Tuesday, June 27, 2023


Tuesday Tuneage
Mike Post - Theme from The Rockford Files
1974


In the first summer of my self-employment, NBC would show an hour of SCTV at midnight, after the 11 p.m. showing of The Rockford Files on WGN. It didn’t get any better in that summer of 2000 when there wasn’t much to do the next day — I’d just sip whiskey in my little apartment on Emerson Avenue and watch those two hours of great TV and smile and that is how these great journeys get started.

This was when I was hepped to the true genius of Harold Ramis (me, looking him up on the Internet: “Holy crap! He was SCTV’s first head writer! He co-wrote Stripes and Ghostbusters! No wonder he was in those movies!”)

The temp agency was still occasionally sniffing around at that time. I would get some phone calls saying: “Can you take this two-week assignment as a favor?” I had been so good at my work 1996-99 that two-to-four week assignments would get extended for months as the clients would like me so much. But I turned these latest offers down, hoping to sustain my income on only self-employed work. 

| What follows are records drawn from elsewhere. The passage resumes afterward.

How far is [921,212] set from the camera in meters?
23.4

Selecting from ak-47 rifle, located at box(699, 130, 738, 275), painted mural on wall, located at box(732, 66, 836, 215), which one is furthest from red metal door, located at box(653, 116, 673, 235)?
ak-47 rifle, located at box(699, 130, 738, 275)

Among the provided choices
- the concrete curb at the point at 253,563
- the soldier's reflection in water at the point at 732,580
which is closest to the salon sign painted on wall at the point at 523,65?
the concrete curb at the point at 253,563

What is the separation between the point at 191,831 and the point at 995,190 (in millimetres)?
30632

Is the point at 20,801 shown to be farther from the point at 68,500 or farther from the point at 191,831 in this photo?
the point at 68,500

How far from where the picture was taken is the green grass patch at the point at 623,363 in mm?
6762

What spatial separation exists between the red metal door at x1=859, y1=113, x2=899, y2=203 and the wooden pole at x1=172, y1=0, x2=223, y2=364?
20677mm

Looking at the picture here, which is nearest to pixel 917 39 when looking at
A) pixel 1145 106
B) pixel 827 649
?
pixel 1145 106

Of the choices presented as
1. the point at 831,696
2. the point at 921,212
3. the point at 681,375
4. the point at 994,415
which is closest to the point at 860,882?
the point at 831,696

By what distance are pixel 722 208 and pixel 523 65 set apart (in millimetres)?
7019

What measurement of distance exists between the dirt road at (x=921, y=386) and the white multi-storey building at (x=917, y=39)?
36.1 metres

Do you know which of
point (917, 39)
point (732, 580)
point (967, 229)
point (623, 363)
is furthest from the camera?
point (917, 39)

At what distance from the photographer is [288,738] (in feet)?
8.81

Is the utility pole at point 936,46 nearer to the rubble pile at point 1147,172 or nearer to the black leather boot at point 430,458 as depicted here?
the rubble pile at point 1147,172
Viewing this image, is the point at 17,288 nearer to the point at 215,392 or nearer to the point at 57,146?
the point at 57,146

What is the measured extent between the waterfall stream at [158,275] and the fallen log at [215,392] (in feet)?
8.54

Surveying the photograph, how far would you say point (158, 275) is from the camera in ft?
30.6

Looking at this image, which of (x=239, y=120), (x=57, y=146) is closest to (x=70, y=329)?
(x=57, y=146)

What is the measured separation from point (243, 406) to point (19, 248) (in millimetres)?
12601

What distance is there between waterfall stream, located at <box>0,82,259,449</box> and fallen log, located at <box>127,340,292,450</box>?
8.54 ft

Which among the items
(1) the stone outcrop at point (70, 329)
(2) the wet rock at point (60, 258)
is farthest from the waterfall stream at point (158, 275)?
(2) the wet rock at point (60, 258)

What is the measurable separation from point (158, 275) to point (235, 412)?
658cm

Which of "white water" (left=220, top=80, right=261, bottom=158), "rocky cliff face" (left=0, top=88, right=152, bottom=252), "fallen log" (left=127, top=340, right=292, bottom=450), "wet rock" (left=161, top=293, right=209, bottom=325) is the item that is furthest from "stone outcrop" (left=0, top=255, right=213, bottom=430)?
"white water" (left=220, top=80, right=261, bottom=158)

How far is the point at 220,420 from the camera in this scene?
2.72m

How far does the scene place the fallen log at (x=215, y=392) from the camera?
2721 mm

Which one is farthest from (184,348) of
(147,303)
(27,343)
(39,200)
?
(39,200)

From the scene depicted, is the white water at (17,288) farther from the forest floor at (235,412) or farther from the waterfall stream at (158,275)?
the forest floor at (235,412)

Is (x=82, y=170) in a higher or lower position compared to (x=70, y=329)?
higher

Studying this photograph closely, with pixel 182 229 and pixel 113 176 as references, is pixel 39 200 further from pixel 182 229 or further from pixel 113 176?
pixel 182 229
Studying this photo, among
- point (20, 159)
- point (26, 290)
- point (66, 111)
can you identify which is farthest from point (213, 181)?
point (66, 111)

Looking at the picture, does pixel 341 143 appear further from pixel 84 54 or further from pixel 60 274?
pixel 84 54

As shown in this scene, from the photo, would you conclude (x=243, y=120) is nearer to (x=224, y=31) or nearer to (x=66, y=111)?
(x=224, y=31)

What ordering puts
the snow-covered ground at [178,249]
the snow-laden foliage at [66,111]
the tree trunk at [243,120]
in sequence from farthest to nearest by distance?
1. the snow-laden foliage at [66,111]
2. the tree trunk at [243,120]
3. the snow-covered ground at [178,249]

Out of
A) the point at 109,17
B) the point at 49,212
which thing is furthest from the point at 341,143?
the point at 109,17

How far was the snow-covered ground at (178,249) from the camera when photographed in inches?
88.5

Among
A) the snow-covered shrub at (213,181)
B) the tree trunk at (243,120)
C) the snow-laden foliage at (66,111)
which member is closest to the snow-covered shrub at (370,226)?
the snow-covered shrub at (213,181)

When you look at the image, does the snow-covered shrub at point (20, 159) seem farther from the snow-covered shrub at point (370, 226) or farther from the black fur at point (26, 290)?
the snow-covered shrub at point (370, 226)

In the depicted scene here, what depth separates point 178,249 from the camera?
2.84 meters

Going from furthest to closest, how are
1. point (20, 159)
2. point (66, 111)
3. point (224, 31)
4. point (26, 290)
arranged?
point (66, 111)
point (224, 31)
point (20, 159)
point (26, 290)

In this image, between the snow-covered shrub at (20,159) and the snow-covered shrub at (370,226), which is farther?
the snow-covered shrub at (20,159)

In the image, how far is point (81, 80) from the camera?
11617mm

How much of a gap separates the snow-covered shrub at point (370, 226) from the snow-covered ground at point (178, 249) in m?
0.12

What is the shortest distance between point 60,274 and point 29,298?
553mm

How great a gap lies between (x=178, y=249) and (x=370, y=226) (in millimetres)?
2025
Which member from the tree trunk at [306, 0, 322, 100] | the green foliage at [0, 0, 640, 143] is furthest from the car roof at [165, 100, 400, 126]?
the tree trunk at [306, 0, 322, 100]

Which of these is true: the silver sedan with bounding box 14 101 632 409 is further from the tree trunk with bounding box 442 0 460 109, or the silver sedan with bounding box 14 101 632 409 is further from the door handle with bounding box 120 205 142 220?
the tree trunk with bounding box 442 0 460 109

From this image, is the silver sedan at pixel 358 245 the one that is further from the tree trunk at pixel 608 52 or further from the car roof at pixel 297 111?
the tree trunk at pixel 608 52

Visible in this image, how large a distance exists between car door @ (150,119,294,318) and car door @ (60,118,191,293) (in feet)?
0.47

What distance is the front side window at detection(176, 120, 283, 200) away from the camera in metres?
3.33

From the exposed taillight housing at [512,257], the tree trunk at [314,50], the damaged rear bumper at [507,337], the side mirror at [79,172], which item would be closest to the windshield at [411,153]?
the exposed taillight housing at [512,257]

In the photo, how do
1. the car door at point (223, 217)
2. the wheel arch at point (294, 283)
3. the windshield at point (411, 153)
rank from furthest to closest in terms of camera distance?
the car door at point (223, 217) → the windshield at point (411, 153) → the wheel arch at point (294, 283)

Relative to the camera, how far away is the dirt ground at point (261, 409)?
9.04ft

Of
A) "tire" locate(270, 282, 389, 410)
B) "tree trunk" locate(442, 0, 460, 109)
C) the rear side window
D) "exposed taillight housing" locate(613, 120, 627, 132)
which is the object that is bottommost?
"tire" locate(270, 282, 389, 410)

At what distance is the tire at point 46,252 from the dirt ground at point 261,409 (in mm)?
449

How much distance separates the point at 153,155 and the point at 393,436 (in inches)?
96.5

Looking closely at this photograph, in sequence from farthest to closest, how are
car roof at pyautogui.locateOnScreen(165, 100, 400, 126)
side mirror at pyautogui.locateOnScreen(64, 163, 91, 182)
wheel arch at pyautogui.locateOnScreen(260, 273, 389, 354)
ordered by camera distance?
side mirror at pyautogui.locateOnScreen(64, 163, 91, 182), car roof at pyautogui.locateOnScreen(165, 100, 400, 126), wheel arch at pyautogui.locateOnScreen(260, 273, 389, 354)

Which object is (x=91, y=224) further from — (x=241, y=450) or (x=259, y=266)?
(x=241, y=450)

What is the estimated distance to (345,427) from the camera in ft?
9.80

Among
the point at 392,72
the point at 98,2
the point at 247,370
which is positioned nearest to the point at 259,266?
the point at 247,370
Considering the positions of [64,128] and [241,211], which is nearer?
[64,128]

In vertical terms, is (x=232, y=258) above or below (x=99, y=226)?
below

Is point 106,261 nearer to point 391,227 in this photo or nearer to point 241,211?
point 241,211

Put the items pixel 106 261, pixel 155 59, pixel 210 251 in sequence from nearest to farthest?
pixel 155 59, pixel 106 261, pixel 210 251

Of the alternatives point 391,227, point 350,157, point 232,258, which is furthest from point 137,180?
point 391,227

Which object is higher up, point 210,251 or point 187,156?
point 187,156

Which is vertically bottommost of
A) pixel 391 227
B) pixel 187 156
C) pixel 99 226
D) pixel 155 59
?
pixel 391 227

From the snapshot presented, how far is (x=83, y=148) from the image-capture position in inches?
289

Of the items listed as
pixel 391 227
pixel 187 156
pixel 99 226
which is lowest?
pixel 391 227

One hungover afternoon that summer, I came up with the knockoff Black Sabbath Vol. 4 font for Exiled on Main Street #24, using graph paper, a ruler, dime, and pencil. (It was all measuring and math.) And somehow using the Paint program on my PC to put it all together.

There are other memories — reading Nick Tosches, buying a 1997 Chevy Cavalier and being excited about it, adding some Gary Stewart and Jerry Lee Lewis to those whiskey trips, seeing The Godfather on the big screen at the Oak Street Cinema, and scheming to get out of that little apartment as the building had been bought by a (since disgraced) landlord.

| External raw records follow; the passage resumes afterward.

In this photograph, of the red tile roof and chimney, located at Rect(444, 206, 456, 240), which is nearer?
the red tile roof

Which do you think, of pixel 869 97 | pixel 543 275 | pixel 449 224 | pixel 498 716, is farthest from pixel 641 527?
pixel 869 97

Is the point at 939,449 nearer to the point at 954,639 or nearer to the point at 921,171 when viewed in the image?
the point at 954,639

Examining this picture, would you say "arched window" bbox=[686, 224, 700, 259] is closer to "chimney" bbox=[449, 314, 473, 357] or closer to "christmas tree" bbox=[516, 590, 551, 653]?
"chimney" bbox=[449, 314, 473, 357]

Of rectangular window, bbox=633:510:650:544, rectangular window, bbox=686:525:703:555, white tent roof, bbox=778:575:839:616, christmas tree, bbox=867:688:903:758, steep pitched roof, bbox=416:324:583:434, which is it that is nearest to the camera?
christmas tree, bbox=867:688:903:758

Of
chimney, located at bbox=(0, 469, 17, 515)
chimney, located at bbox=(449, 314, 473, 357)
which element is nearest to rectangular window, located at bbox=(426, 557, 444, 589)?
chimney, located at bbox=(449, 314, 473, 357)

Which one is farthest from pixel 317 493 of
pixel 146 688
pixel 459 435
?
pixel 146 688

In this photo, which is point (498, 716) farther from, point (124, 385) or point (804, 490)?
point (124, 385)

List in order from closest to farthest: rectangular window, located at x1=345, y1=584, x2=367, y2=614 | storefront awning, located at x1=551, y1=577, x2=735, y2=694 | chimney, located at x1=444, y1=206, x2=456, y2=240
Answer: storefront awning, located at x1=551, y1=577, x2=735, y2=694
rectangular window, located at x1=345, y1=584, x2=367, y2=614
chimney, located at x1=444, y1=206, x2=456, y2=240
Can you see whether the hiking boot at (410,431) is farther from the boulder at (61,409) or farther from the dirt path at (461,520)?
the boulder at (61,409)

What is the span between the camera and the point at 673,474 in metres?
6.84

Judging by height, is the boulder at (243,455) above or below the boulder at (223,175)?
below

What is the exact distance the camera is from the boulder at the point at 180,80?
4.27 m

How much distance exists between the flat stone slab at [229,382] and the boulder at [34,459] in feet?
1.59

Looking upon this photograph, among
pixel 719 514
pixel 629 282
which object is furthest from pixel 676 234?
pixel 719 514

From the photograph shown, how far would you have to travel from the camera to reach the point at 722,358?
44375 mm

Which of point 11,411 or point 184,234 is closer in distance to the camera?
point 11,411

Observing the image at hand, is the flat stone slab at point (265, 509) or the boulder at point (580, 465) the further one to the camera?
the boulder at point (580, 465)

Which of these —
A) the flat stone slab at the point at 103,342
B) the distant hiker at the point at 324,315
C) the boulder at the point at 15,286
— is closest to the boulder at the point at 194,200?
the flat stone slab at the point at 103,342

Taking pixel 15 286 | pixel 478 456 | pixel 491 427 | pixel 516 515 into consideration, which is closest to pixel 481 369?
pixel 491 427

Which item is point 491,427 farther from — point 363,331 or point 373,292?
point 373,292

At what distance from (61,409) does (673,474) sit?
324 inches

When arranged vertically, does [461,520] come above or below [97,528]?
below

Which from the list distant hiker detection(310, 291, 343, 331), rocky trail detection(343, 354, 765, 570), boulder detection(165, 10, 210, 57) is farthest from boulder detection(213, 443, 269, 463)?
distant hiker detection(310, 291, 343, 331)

I compare that era to now. I start my Sleepy Time Extra tea around 9:30 p.m., toast half a bagel, add light cream cheese, watch an episode of Brooklyn Nine-Nine on DVR, then head for bed. Still smiles all around.

Tuesday, June 06, 2023

Tuesday Tuneage
Nick Gilder - "Here Comes the Night"
1978


“Hey we’re Nick Gilder and band and we don’t dress like your typical rockers of these late seventies because we are not your typical rockers of these late seventies. No jeans, tee shirts, and regular-guy looks here.”

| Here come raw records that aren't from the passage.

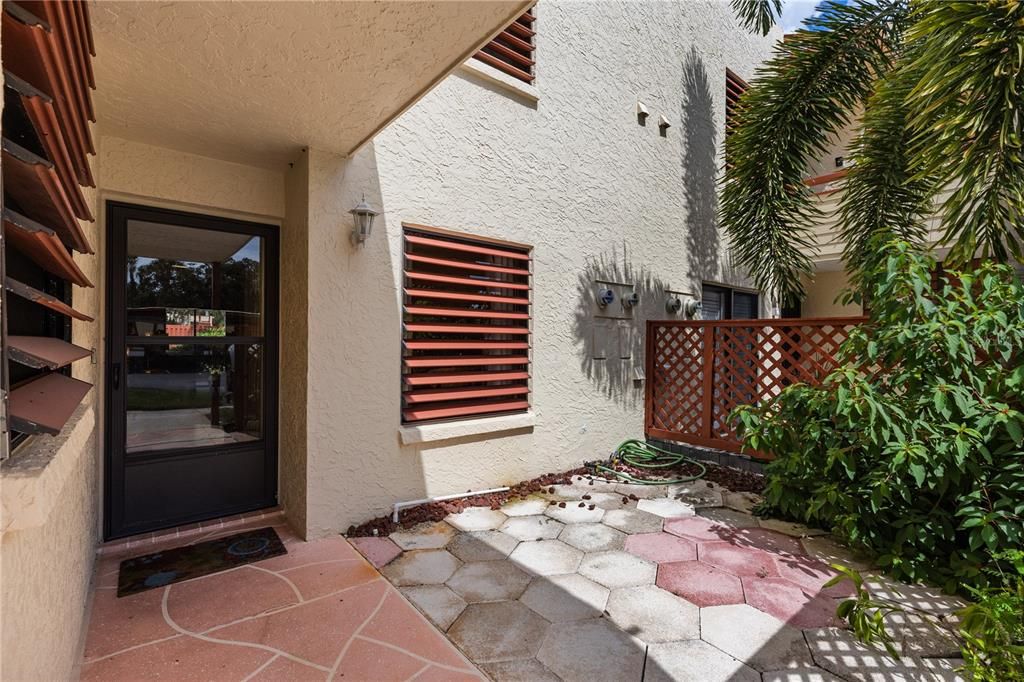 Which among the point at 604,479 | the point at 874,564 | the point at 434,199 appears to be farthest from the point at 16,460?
the point at 604,479

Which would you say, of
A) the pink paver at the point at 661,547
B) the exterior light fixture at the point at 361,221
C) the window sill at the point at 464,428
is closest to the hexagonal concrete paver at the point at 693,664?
the pink paver at the point at 661,547

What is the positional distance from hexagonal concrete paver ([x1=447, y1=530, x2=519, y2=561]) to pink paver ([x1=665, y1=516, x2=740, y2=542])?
141cm

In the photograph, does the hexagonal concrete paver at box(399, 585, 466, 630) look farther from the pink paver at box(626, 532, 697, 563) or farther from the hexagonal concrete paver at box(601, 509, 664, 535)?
the hexagonal concrete paver at box(601, 509, 664, 535)

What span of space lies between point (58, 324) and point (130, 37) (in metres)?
1.56

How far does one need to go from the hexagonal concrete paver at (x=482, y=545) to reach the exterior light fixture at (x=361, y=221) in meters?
2.59

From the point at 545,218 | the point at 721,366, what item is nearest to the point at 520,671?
the point at 545,218

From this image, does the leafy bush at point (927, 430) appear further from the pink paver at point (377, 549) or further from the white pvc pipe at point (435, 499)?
the pink paver at point (377, 549)

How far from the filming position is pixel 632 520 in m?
4.29

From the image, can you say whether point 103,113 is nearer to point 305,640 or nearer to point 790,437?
point 305,640

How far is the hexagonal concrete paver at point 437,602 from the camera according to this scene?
9.11 feet

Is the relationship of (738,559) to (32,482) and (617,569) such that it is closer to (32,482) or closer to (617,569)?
(617,569)

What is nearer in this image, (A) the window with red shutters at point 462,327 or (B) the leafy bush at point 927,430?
(B) the leafy bush at point 927,430

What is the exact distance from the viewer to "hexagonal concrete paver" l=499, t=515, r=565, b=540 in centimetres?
391

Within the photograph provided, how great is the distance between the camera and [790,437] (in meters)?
4.15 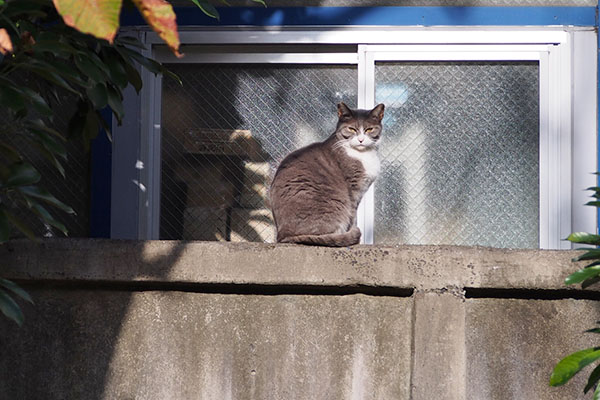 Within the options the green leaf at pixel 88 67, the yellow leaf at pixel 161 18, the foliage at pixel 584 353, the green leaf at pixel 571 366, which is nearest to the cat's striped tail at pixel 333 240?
the foliage at pixel 584 353

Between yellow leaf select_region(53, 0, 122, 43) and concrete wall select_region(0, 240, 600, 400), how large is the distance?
1832 millimetres

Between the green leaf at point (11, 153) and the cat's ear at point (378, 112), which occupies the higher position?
the cat's ear at point (378, 112)

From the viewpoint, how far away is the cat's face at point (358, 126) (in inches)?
133

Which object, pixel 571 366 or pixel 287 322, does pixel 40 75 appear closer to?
pixel 287 322

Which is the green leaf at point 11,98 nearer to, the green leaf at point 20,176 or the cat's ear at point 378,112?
the green leaf at point 20,176

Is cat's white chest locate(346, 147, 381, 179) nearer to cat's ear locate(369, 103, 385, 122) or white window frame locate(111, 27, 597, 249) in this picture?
cat's ear locate(369, 103, 385, 122)

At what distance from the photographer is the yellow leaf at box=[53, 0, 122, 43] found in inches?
27.7

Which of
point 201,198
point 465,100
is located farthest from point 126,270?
point 465,100

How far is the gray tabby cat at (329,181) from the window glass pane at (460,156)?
31 cm

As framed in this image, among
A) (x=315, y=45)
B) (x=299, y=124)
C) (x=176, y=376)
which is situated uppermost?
(x=315, y=45)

Left to right: First we have Nick, whose pants sport a high waistband (sans belt) and pinstripes. Extra button undone on the sheer shirt. Then we have the dude who is confident enough to pull off brown shoes with black slacks. The confidence abounds as not only can he pull off wearing a vest (not all can) but he also wears a necktie unconventionally — without a corresponding collared shirt: the breathtaking audacity. Next is the guy whose shirt has a nonconforming design, plus his shoes look damn comfortable. Okay, the band’s fashion approach hits a little bit of a snag as the next gent is obviously the traditional rocker trying to fit in: hair parted in the center, mustache, jeans (d’oh). Put him in a white blazer and sneakers, have him hold  a cigarette in a rad way, and hope he blends in. (Around this same time, The Cars would do a better job of hiding Elliot Easton’s obvious rocker intentions on the sleeves of their first two albums.) The final dude has short hair but also goes with the high waistband look and considers the buttons on his shirt optional. Two of the guys have their hands in their pockets, anticipating Alanis Morissette or maybe just indicating cool casualness. (This could be two-point-five guys, hard to see what Gilder is doing with his left hand.) And hey nobody’s smiling, but neither did the Dwight Twilley Band on their two albums and they were America’s power pop finest!